WHAT IS BEING ASKED: Please retype the entries that follow exactly as they are, leaving the images behind.

-------- EXERCISE INPUTS --------

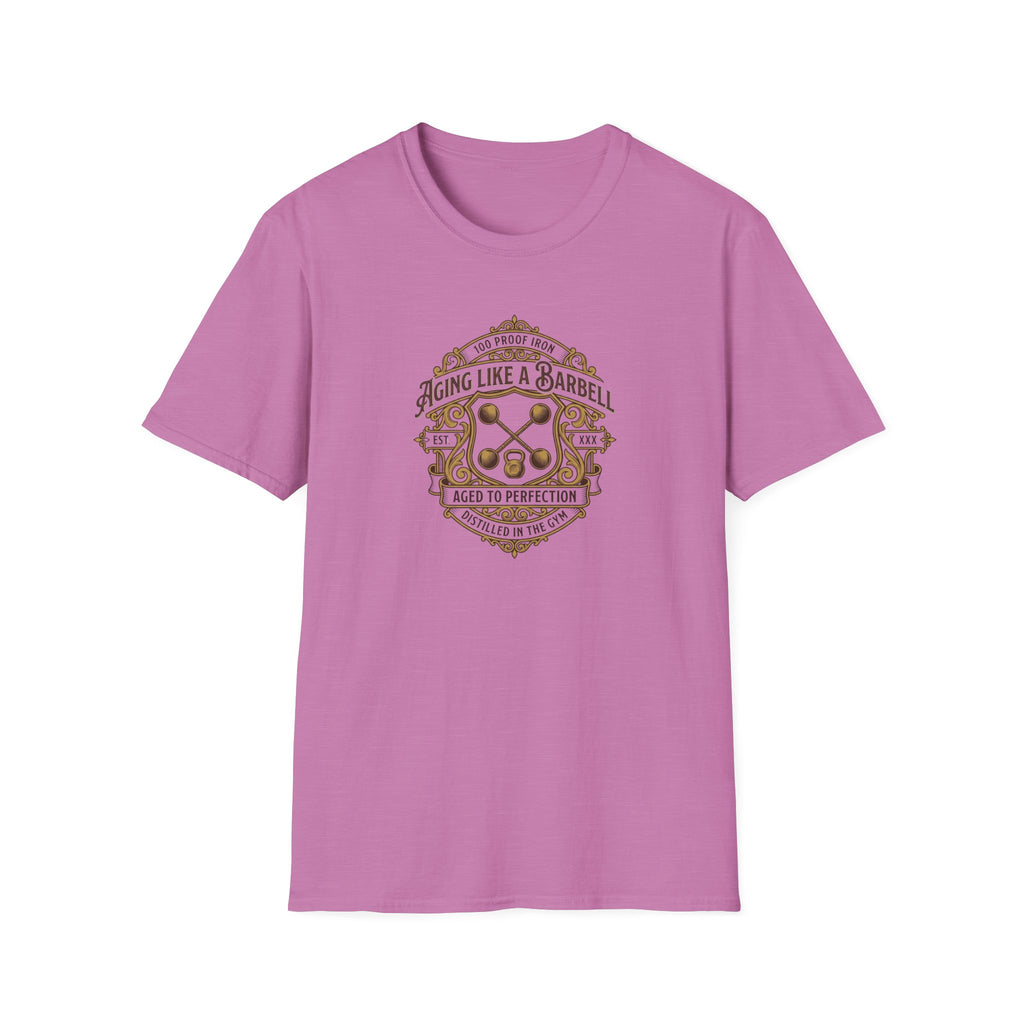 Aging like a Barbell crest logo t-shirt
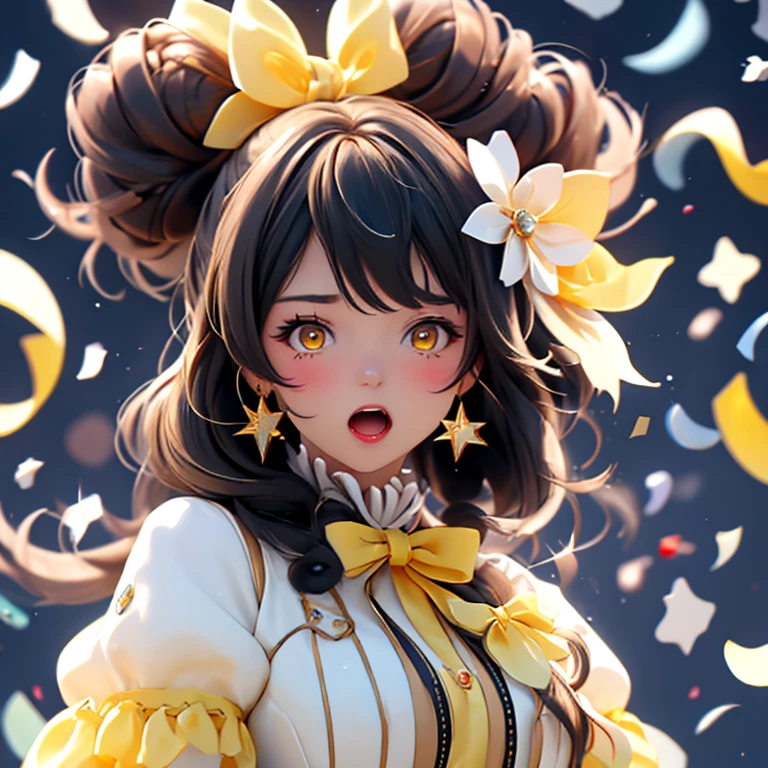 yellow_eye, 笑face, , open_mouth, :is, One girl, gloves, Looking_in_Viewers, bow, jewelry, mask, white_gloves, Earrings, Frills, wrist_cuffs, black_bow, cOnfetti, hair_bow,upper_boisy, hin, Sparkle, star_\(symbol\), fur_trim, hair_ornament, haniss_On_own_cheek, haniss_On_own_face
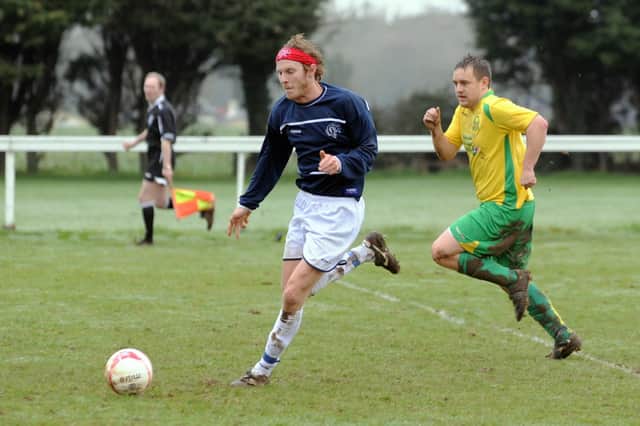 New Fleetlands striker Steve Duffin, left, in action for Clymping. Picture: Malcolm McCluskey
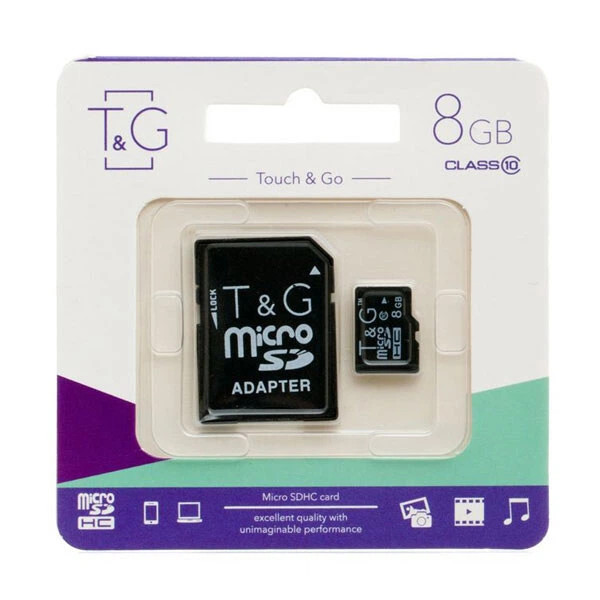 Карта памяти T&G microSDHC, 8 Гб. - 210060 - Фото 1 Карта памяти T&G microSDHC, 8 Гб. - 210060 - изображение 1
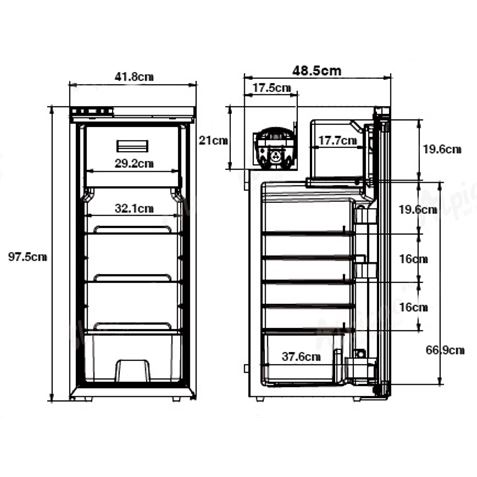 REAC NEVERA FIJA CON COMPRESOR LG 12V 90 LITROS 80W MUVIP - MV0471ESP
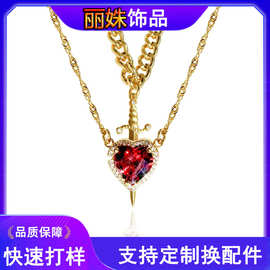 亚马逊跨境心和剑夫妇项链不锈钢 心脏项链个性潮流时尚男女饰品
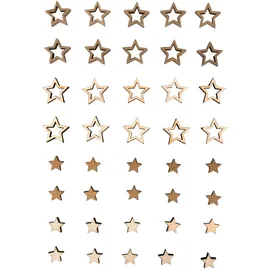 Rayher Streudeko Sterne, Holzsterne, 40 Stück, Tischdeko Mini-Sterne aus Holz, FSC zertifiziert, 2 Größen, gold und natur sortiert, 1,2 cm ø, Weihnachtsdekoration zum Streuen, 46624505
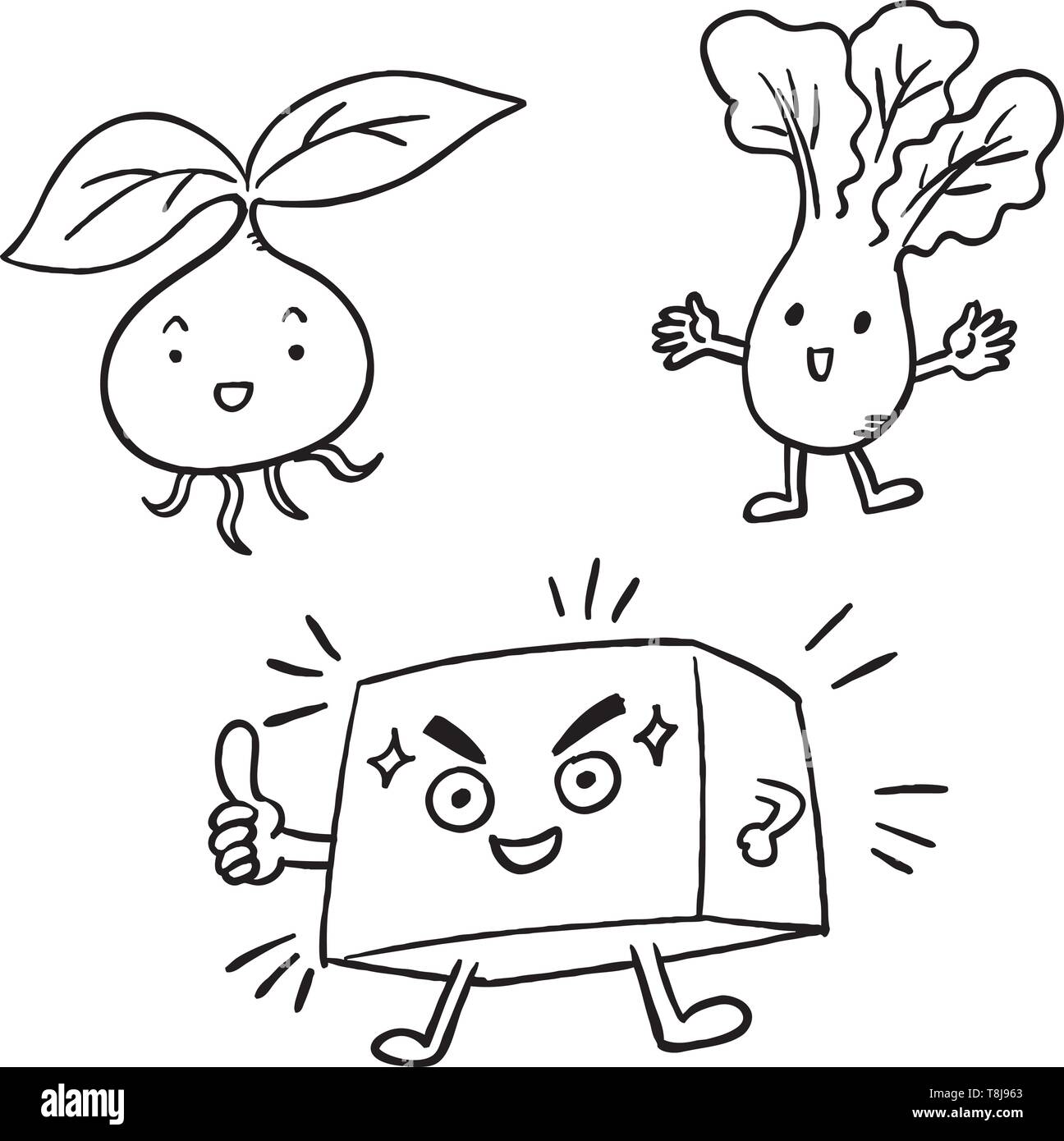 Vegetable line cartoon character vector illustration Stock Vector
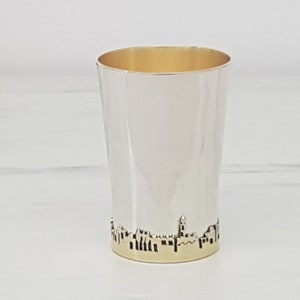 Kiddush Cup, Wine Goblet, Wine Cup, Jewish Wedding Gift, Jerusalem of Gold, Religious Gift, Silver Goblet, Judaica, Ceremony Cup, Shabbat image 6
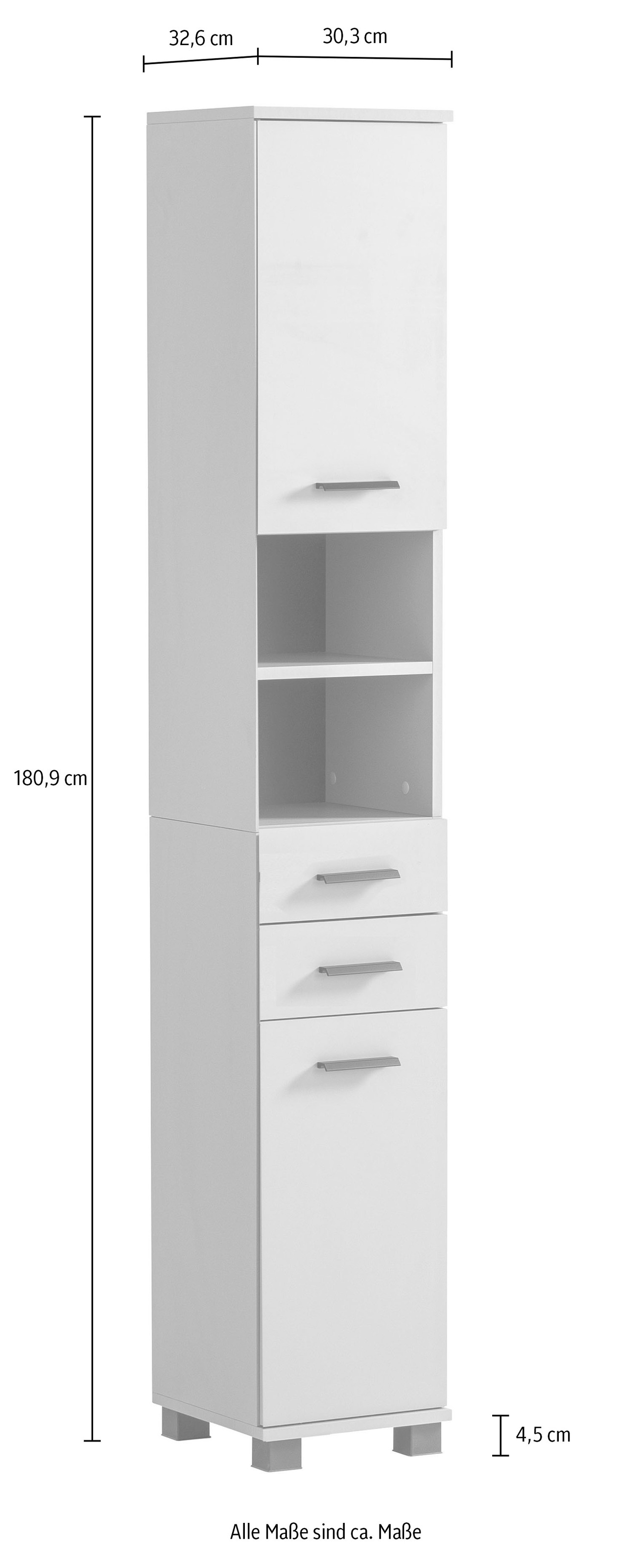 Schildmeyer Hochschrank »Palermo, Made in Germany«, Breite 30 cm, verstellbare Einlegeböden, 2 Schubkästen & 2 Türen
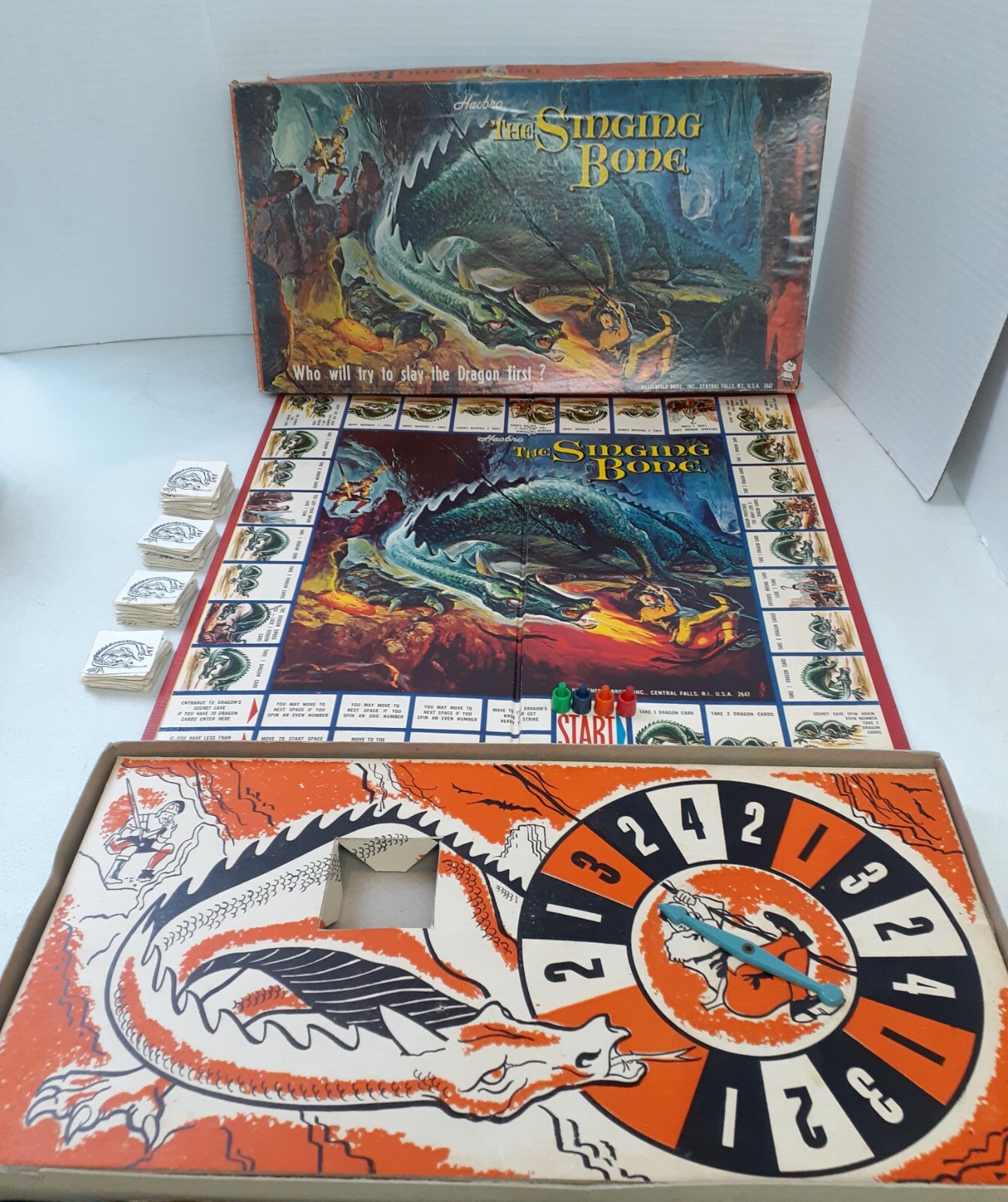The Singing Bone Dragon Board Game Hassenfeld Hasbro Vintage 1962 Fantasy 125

--------

EXERCISE SOLUTION:
 Aging like a Barbell crest logo t-shirt
 yellow_eye, 笑face, , open_mouth, :is, One girl, gloves, Looking_in_Viewers, bow, jewelry, mask, white_gloves, Earrings, Frills, wrist_cuffs, black_bow, cOnfetti, hair_bow,upper_boisy, hin, Sparkle, star_\(symbol\), fur_trim, hair_ornament, haniss_On_own_cheek, haniss_On_own_face
 New Fleetlands striker Steve Duffin, left, in action for Clymping. Picture: Malcolm McCluskey
 Карта памяти T&G microSDHC, 8 Гб. - 210060 - Фото 1 Карта памяти T&G microSDHC, 8 Гб. - 210060 - изображение 1
 REAC NEVERA FIJA CON COMPRESOR LG 12V 90 LITROS 80W MUVIP - MV0471ESP
 亚马逊跨境心和剑夫妇项链不锈钢 心脏项链个性潮流时尚男女饰品
 Rayher Streudeko Sterne, Holzsterne, 40 Stück, Tischdeko Mini-Sterne aus Holz, FSC zertifiziert, 2 Größen, gold und natur sortiert, 1,2 cm ø, Weihnachtsdekoration zum Streuen, 46624505
 Vegetable line cartoon character vector illustration Stock Vector
 Kiddush Cup, Wine Goblet, Wine Cup, Jewish Wedding Gift, Jerusalem of Gold, Religious Gift, Silver Goblet, Judaica, Ceremony Cup, Shabbat image 6
 Schildmeyer Hochschrank »Palermo, Made in Germany«, Breite 30 cm, verstellbare Einlegeböden, 2 Schubkästen & 2 Türen
The Singing Bone Dragon Board Game Hassenfeld Hasbro Vintage 1962 Fantasy 125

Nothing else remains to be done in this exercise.